There’s been no shortage of people saying that social computing represents the next wave of the corporate intranet, the latter being a piece of technology that’s been perpetually disappointing. For a place that’s supposed to be the starting point of people’s day, it has never lived up to that expectation.

The first wave of intranets were static, imposing too much friction for end-users who wanted to post new information. People had to wait for their IT department to hack HTML code and update the page. Then came the second generation of intranets — the self-service variety — that brought more functional use, but ultimately the most time you spent there was during your first and last week working at the company. They also lacked a critical element: People. Who does what? And who can help me get my job done better?

So naturally, enterprise social computing came to save the day and deliver that critical people element, right?

Well, yes, but that isn’t the most complicated part of the equation.

The new intranet will be heterogeneous environment of systems across a whole company — and the challenges of actionable integration points and relevancy will far outweigh the people part of the equation. What the social intranet won’t be is a homogeneous, monolithic software stack that only incorporates people and systems based on one vendor’s view of the world. As a new generation of CIOs take the ranks, they’re realizing such a strategy for their corporate intranet isn’t “good enough” at all.

1. Ensuring Relevancy and Context

In the social intranet, everything in it — from content to people to data from systems of record — must be tied to a particular subject or top-level architectural construction. The purposes of this will be two-fold: One is obviously to increase the chances that people find what they’re looking for. But more importantly, it gives them a mechanism to filter this information as it comes to them in real-time.

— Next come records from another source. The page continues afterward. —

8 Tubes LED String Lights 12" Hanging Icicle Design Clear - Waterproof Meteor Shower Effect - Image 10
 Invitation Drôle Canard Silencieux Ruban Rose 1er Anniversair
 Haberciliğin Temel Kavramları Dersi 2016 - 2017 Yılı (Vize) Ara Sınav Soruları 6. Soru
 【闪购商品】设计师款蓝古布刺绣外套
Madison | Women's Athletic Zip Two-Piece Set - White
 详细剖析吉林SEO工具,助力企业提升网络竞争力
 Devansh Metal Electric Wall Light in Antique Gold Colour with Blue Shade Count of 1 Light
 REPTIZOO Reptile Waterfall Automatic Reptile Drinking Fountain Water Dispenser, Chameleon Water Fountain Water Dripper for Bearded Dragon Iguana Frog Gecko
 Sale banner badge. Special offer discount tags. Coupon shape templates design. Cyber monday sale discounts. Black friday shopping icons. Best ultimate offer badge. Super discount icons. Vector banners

This also helps with discovery.

Depending on the maturity of your intranet, your people have different ways of finding information. If it’s old, they’ll search the static HTML pages and experience difficulty finding the information they need. If it’s slightly newer, their searches might yield better informational results, but they’ll lack context since the information is devoid of who or what generated it. Consequently, the careful use and management of top level social architecture Subjects will be key.

With regards to relevancy, speed matters, too. Information become stale quickly in early generation intranets because it required IT’s help to update. The social intranet puts publishing tools right at employees’ fingertips, and gives them the power to update and change information on the fly.

2. Agnostic Architecture

It’s tempting to think you can have one company provide everything in your intranet, but the reality is you need a stack that’s technology agnostic. Otherwise, you’re going to have to mold every single piece of integration to that vendor’s way of doing things. Open web standards and RESTful APIs are key in this endeavor, but they alone won’t work. A strong integration framework that incorporate custom business process will be essential as well.

Even in the year 2011, there’s many pushing for a “their way or the highway” mentality, and that will stifle the success of the social intranet. By insisting on one particular development framework, or pushing the religion of cloud only versus on-premises and ignoring all the nuances in between the two, it makes it hard for companies to think holistically about how they piece together the relevant data and systems they need to make their intranet a successful work tool.

The social intranet shouldn’t care where your data lives; it should aim to provide your employees with a secure location to access relevant data and people in context of where their work is getting done.

3. A strong administrator

No, it’s not a community manager because you’re managing more than just people. This administrator will focus on corporate intelligence – the ability to apply social analytics and business intelligence within the confines of your social intranet to understand key trends, content, and conversations happening around your company.

They will also do some lightweight information management. This will offend the sensibilities of social purists – who think the crowd alone aided by search can manage data – but they can’t.

For example, you want to empower end-users to create their own Subjects inside your intranet, but sometimes, they’ll categorize something in the wrong area, which will much up filters and search results inside your intranet. Thus, the administrator should be able to move things around your intranet and categorize people and data with a simple drag-and-drop. Ideally, this person’s overall organizational and business process knowledge will be a more applicable skill than the hacking of any code.

4. Business Process Execution (The Feed Isn’t Enough)

Simply pulling in events via a REST API or integrating via OpenSocial won’t be enough to make your intranet a place that people rely on to get their work done. If they can’t execute business processes from right within the intranet, and instead have to toggle away to the application in question, then their motivation to live in your intranet will wane quickly. That’s not true integration with enterprise social computing tools.

True integration with the social intranet must be bi-directional. If my company’s Oracle Expenses system sends an expense report into my activity stream, I should be able to view and approve it right there. If I want to upload a document to my document management system, I should be able to pull it from my computer, write a message in my social platform that puts it in context, and post it to both the intranet and the document management system.

5. Shifting from Asynchronous to Live Communication

The social intranet needs to let me shift from asynchronous communications to live ones more easily than what we see today. Though video and web conferencing have been around for years now, it requires so much effort (calendar invites, pass codes, etc.), and is managed outside the corporate intranet (mainly in e-mail). Worse, by the time those meetings finally take place, the collaborative conversation that generated them has gone cold, contest is lost, and the ideas seem more dull.

If I’m having a great conversation with a few of my product and marketing colleagues inside my corporate intranet via a microblogging post, I should be able to quickly chat live with them with as little friction as possible.

These are just five that I came up with. As always, I’ll be talking more with tibbr customers and my friends in the social computing community to think of more. In the meantime, I’d welcome feedback/thoughts.